Second, and directly related to our previous point, the structure of democratic preferences we uncover (in particular, the resistance of citizens to major violations of democracy) questions main tenets of the “democratic backsliding” literature. In a seminal article on the potential decay of contemporary democracies, (26) points out that the old, classical forms of democratic breakdown (mainly coups and blatant electoral fraud) have given way, in recent decades, to processes of dedemocratization by stealth, notably through executive aggrandizement and the strategic manipulation of elections and electoral institutions. Even though the causes and the mechanisms of this process of democratic erosion often remain imprecise in the literature, backsliding theorists generally agree on the following story (27, 28). Increasing societal polarization (either caused by cultural or economic changes or perhaps simply spurred by populist politicians) generates a reservoir of intensely partisan voters that political incumbents can employ to peel off democratic checks and norms one at a time until their electoral advantage becomes insurmountable. This story does not seem to be borne, however, by our findings. A strong majority of our respondents seem unwilling to live in a society where leaders do not respect the fundamental tenets of democracy. This, in turn, should make it hard for political incumbents to violate central democratic norms and institutions while sustaining their initial electoral coalition, at least in middle- and high-income democracies. Our results are in fact in line with a growing empirical literature that does not find much evidence pointing to the decline and death of democracy today (29–31).
This does not mean, however, that democracies cannot collapse. As pointed out before, our study uncovers, in each of the countries under study, a nondemocratic minority that, if well-organized, could act to frustrate and suppress widespread support for democracy. But rather than being linked to a backsliding story, this result takes us back to a long tradition in democratization theory that stresses social conflict, the role of economic and political elites and organizations (in relationship to that conflict), and the use of violence to explain authoritarian politics (32–34). It is there where we may still need to look at to understand the mechanics of democratic breakdowns.
Materials and Methods
Conjoint Experiment.
In the conjoint experiment, each individual was presented with seven pairs of alternative societies and was then asked both to choose one among the pair and to rate each alternative on a scale from 0 to 10 (SI Appendix, Fig. S1 includes the “Survey Instructions” given to each respondent. SI Appendix, Fig. S2 reproduces an example of the vignette faced by respondents. At several points at the beginning of the survey experiment, respondents were told to assume constant prices across scenarios). This generated about 28,000 observations per country (number of respondents 7 2). At the start of the survey, we stated that participation was voluntary and that information would be published in an anonymous form. Respondents were also given the contact information of Princeton IRB before they were asked to consent.

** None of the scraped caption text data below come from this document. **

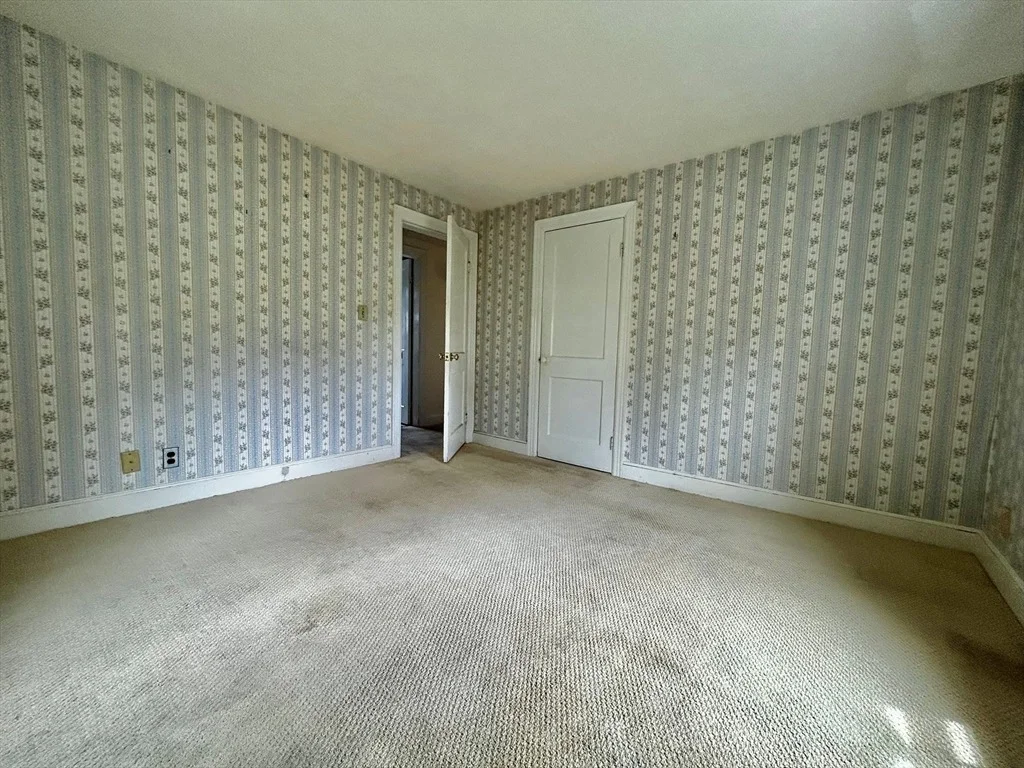Photo of 23 Guild Road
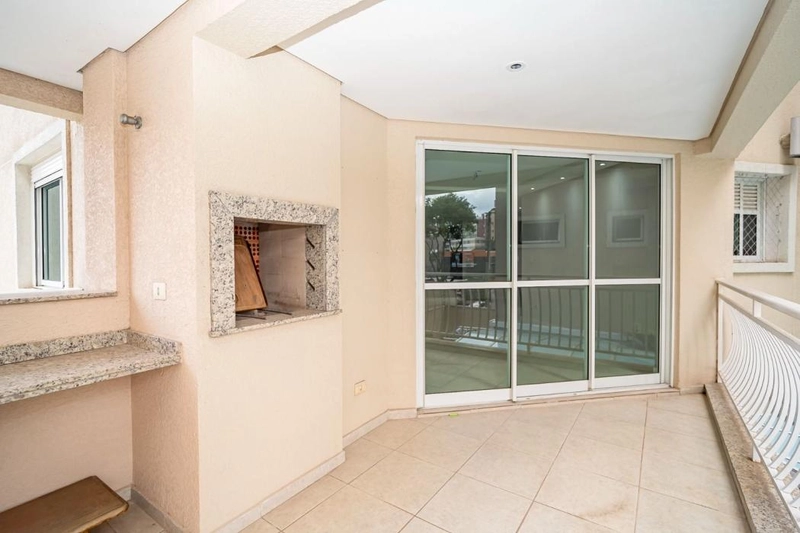 null: 39ª foto da galeria de imagens do imóvel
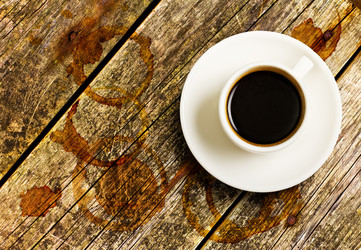 Similar image 1697384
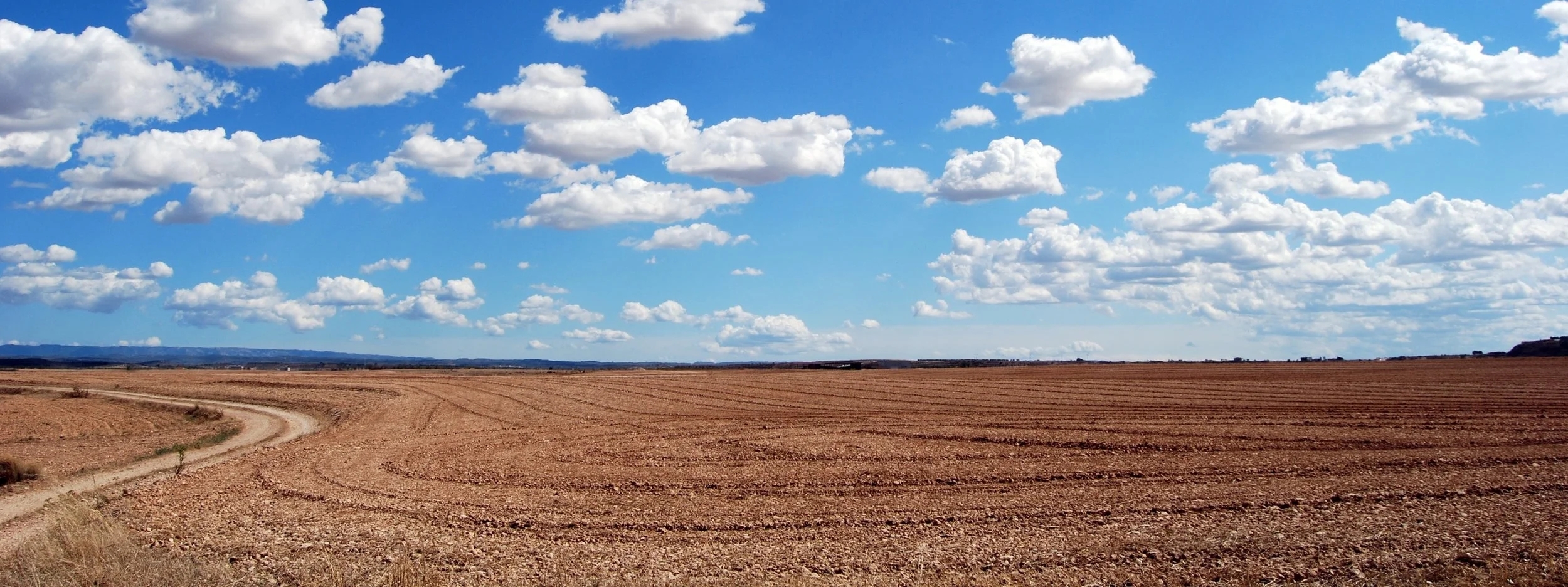 field-clouds-sky-earth-46160.jpeg
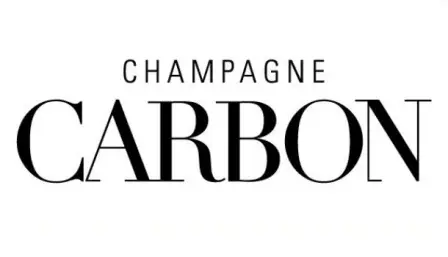 Carbon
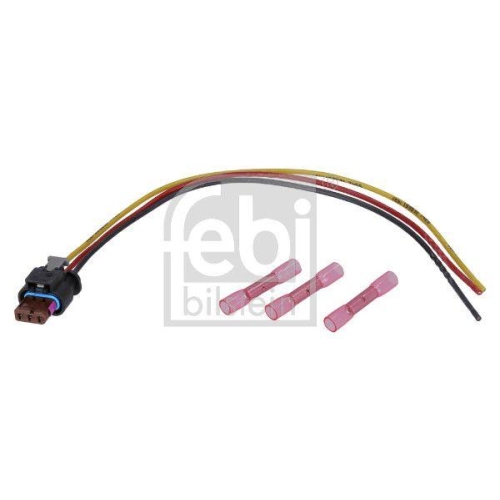 FEBI BILSTEIN Stecker febi Plus 199591
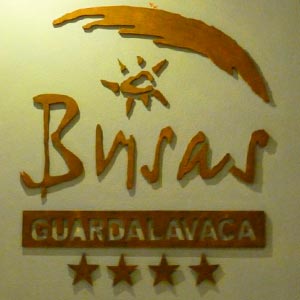 Picture of BRISAS GUARDALAVACA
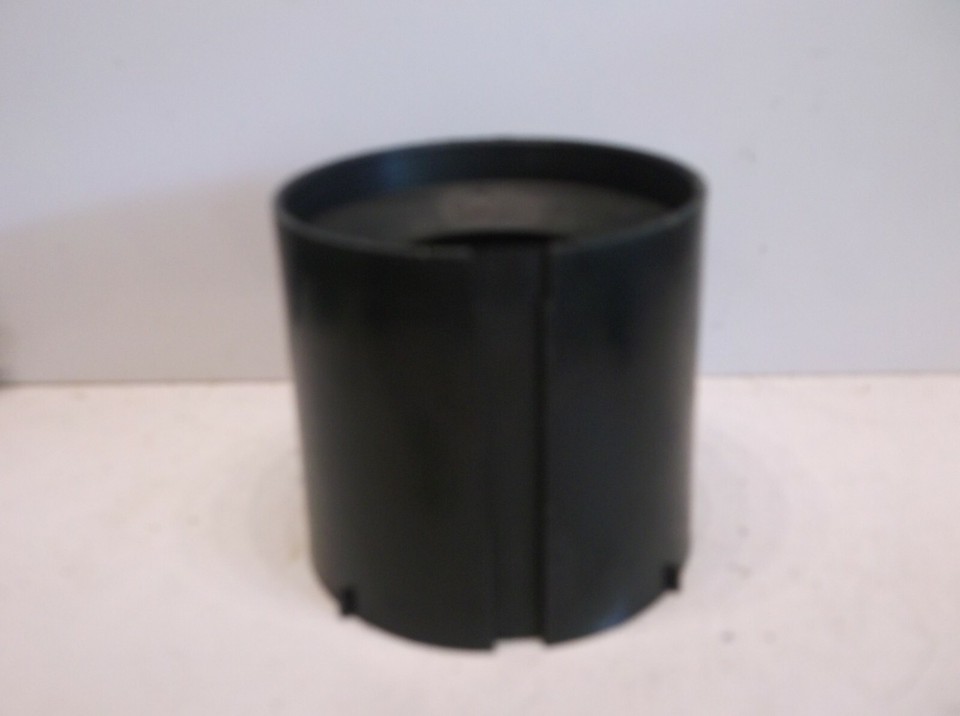 3121495000 Cooling Baffle Off Of A 320.37595 Craftsman Router With Bad ...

The conjoint experiment contained six attributes that, without possibly being exhaustive given the limits of any conjoint (18), aimed at describing the broad political and economic traits (summarized in Table 1) that define a given society and the respondent’s position in it:
-
1.
Individual monthly income, which we randomized over five variants, each one equivalent to 1.25, 1.1, 1, 0.9, and 0.8 times the average monthly income in each country at the time of the survey.
-
2.
Average monthly income of society, for which we considered the three variants of 1.5, 1, and 0.8 times the average monthly income in country at the time of the survey.
-
3.
Political institutions. The treatment was randomized over two alternatives. In the first one, the individual was informed that “people choose the national government through free elections.” In the second one, the respondent learned that “there are no free elections to choose the national government” [On the scholarly literature that examines the use of the term “free elections” as a key element (and a shortcut) to define democracy, see refs. 35 and 36).
-
4.
A public health insurance system, introduced to convey the presence of a comprehensive welfare state. Respondents were either informed that “there is a public health system paid by an income tax” or told that “health is not covered by a public health system.”
-
5.
Our fifth treatment described the underlying general social norms defining personal advancement. In the first scenario, respondents were informed that either “personal connections matter more than effort to get ahead.” In the second one, we learned that “effort is more important than personal connections to get ahead.” This distinction around the presence or absence of meritocratic principles has been consistently validated as a crucial dimension along which respondents across countries characterize how their own society and economy operate. See, for example, ref. 37.
-
6.
Our final treatment described the extent of inequality in each hypothetical society, randomized over two possibilities: a relatively equal society where “the maximum income in the country is (2 times the average monthly income) and the minimum is (0.5 times that the average monthly income)” and a relatively unequal society where “the maximum income in the country is (4 times that the average monthly income) and the minimum is (0.25 times that the average monthly income).” Notice that because the average monthly income can take three values, the income inequality treatment could take any of six variants. The magnitude of this treatment, that we label “more equal society” entails a reduction in the ratio of the maximum to the minimum income in society of 75% (i.e., from 16 to 4).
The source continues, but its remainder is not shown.